La fruta cayó madura de los árboles en ese otoño dorado de luz y de sombras, de nostalgias y sueños frustrados.
Aquel eructo atemporal, soltado fuera de lugar y que tanto eco tuvo en la prensa…En la prensa mediática, pagada con dinero de nuestros bolsillos que nunca será recuperado.
Aquel «me gusta la fruta» ha cambiado de silueta publicitaria, que no de contenido político de maldad encubierta.
Ella, Ella, sí sabe fingir el gesto, elegir el día, lanzarlo en el momento. Ella es la reina, los otros los «esclavos» de sus amos.

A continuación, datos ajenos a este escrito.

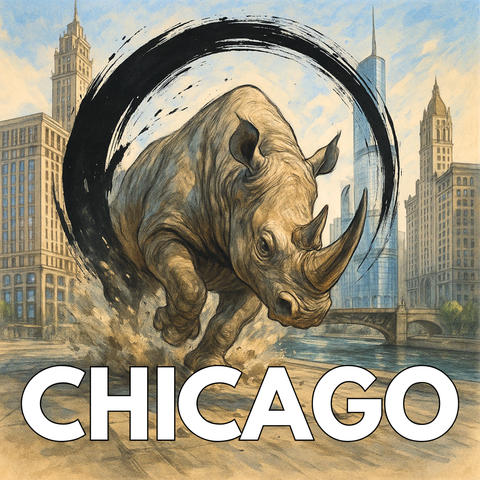 Chicago, Illinois: April 24-25, 2026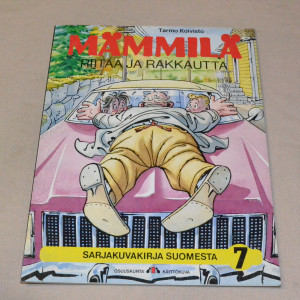 Mämmilä 07 Riitaa ja rakkautta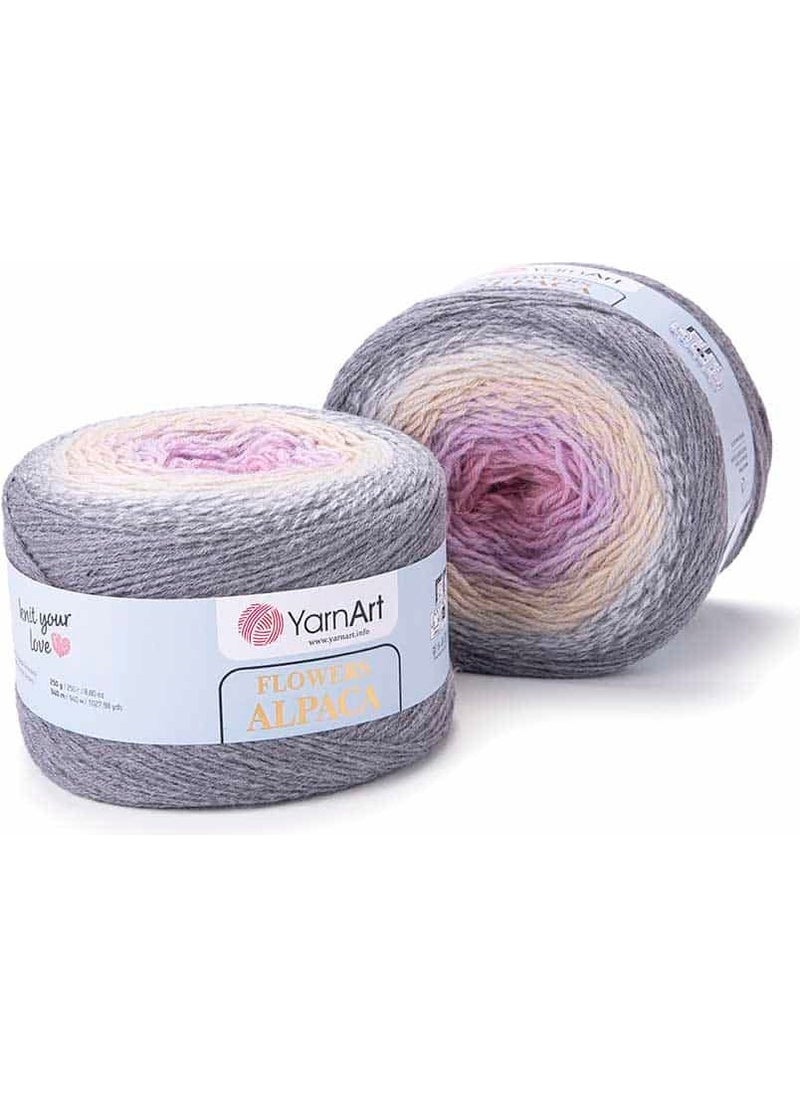 YarnArt - Flowers Alpaca 413 - Image 1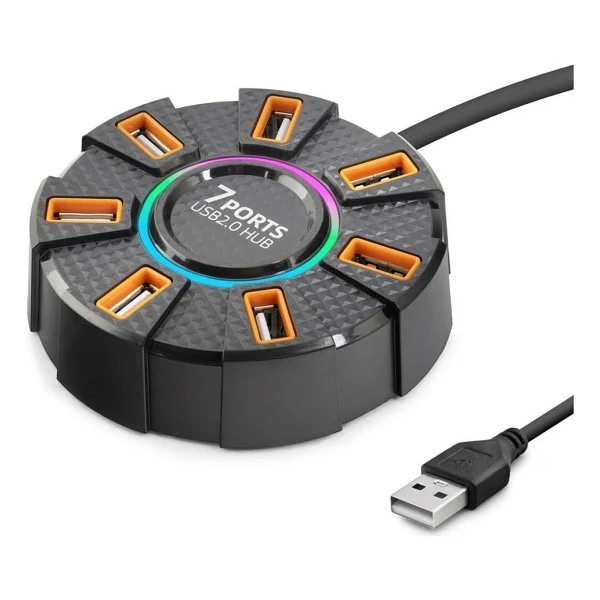 Hadron HDX7035 USB Çoğaltıcı - Görsel 3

Esta lucha por la igualdad, por acortar las brechas sociales, por ofrecer el mismo ascensor (educación, sanidad, derechos sociales) lo envuelve en un mismo paquete de desprecio con el dardo publicitario: plataforma de frustrados.
Así, con esas mismas palabras bautiza a la izquierda española en esta nueva batalla por integrar a los emigrantes y elevarlos a la categoría administrativa que corresponde a todo ser humano que día a día con su entrega personal contribuye al bienestar del estado español.
Ellos, precisamente ellos que cargan con los trabajos y empleos que no son dignos de los señoritos de Chamberí…o de cualquier otro barrio «pijo» de cualquier ciudad o población de España.
Plataforma de frustrados lanza a los cuatro vientos y se remanga la falda como si el viento fuera un niño o la mar estuviera en calma.
La fruta sigue verde y sana en el árbol con mimo regado y tratado con las manos limpias del agricultor y el viento de solano.
Una dieta diaria de la fruta de ese árbol sano y casi milenario de la izquierda española, tome su fruta y recobrará la saludad de su cuerpo y la limpieza de su alma.
Plataforma de frustrados, hoy un día más se dan la mano.